This page will link you to the full score of Barry Drogin's "How Do I Love Thee?", completed in 1991 and premiered at a private wedding by Jennifer Lane and James Bassi in August of 1994.
The text for "How Do I Love Thee?" is more formally known as number VIII of Elizabeth Barrett Browning's "Sonnets from the Portuguese." The start of the answer, "Let me count the ways," is a familiar quotation. The composer has treated the entire poem as a love duet between a mezzo-soprano or alto voice and a tenor voice, sung a cappella.
The piece was composed in the late fall of 1990 as a gift for a semi-professional couple of the composer's acquaintance. A limited numbered edition of twelve scores was created on special paper and distributed to several couples of the composer's acquaintance. The piece was first performed at a wedding.

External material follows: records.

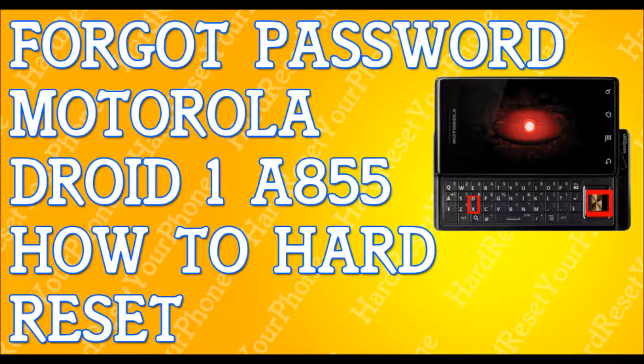Once you're in the menu, use the volume down button to scroll down and select 'Wipe Data / Factory Reset.' Then open up your phone and use the navigation button — the big square at the bottom — to confirm and select 'Wipe Data / Factory Reset.'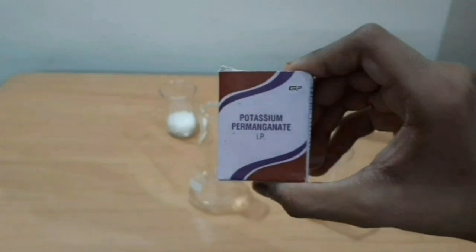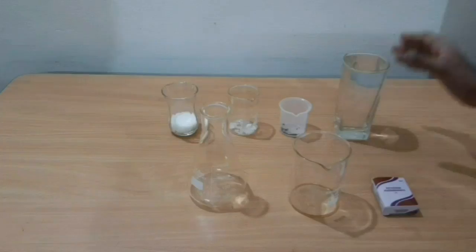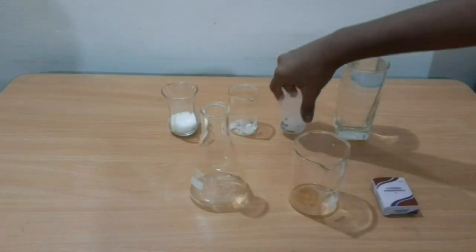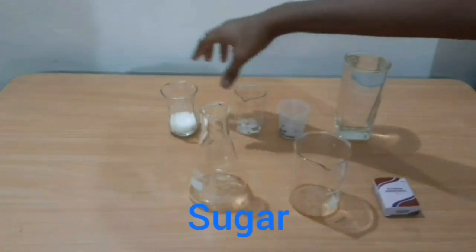First we will see a color change reaction. For this activity we need water, potassium permanganate, sodium hydroxide, and sugar.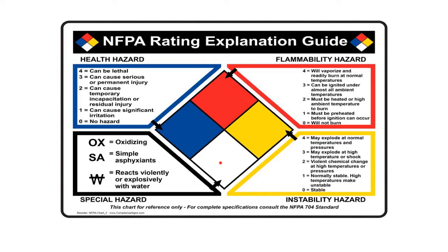The white area is for anything special. For example, if it's an oxidizer we'd put OX here. Or if it's a simple asphyxiant — meaning it could clog your lungs and cause you to suffocate. Or if it reacts violently with water, since many chemicals do react violently with water and you cannot mix them with it. There are a few more special categories, but these are the three most common.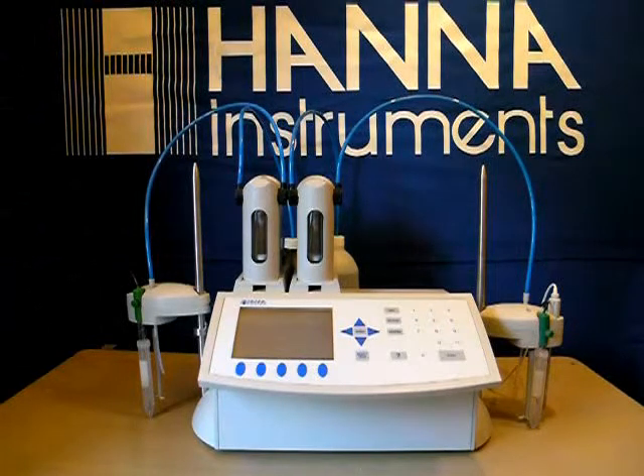Welcome to Hanna Instruments. Today we're going to be calibrating the pH probe on the Hanna 902C Color Auto Titrator.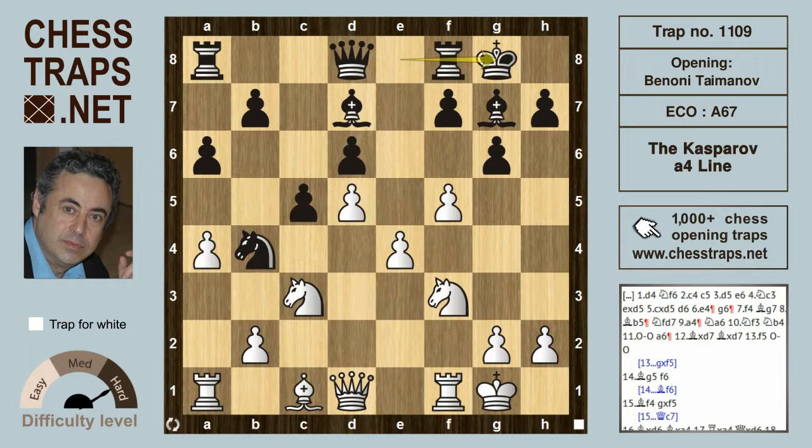Black castles, and also possible is g-takes on f5. Now bishop g5 is one move; bishop f4 could have been played as well. After bishop g5, the queen is targeted. The move bishop f6, even trading the Benoni bishop, could be considered — but that bishop is such an important piece in the Benoni that black players are loath to trade it. So f6 is going to be more common, and the bishop goes back to f4.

The piece is the first completely a cappella non-choral work conceived by the composer, as well as the first to completely drop the use of bar lines; the lack of key signature is common practice, even in "tonal" works by, for example, Kurt Weill. Fitting on two 8 1/2" by 11" pieces of paper and lasting only 2 minutes, the piece plays with lyrical melodic gestures arranged horizontally, at times overlapping, at times simultaneous. The opening and closing thirds root the piece in D major, but a free-flowing pantonality persists. ABA in structure, the composer brings back the opening melody, and closes the piece by taking the liberty of inverting the opening question into the statement "How I Do Love Thee." In the A section, the word "How" is presented on descending alternating seconds, while "I Love Thee" is on a rising fifth followed by a descending second; in the B section, "I Love Thee" is reversed (a descending semitone followed by a rising sixth), and the remaining text uses alternating descending fifths. For some reason, a concluding descending semitone, common in much German music (and speech) and suggestive of resolution, sounds, to this ear, less obvious than an initial descending semitone, common in much French music (and speech) and suggestive of the opposite (think Carmen's opening aria). These two notes give the piece a sentimental romantic gloss that, perhaps, render the piece inappropriate for the concert hall but ideal for the wedding hall.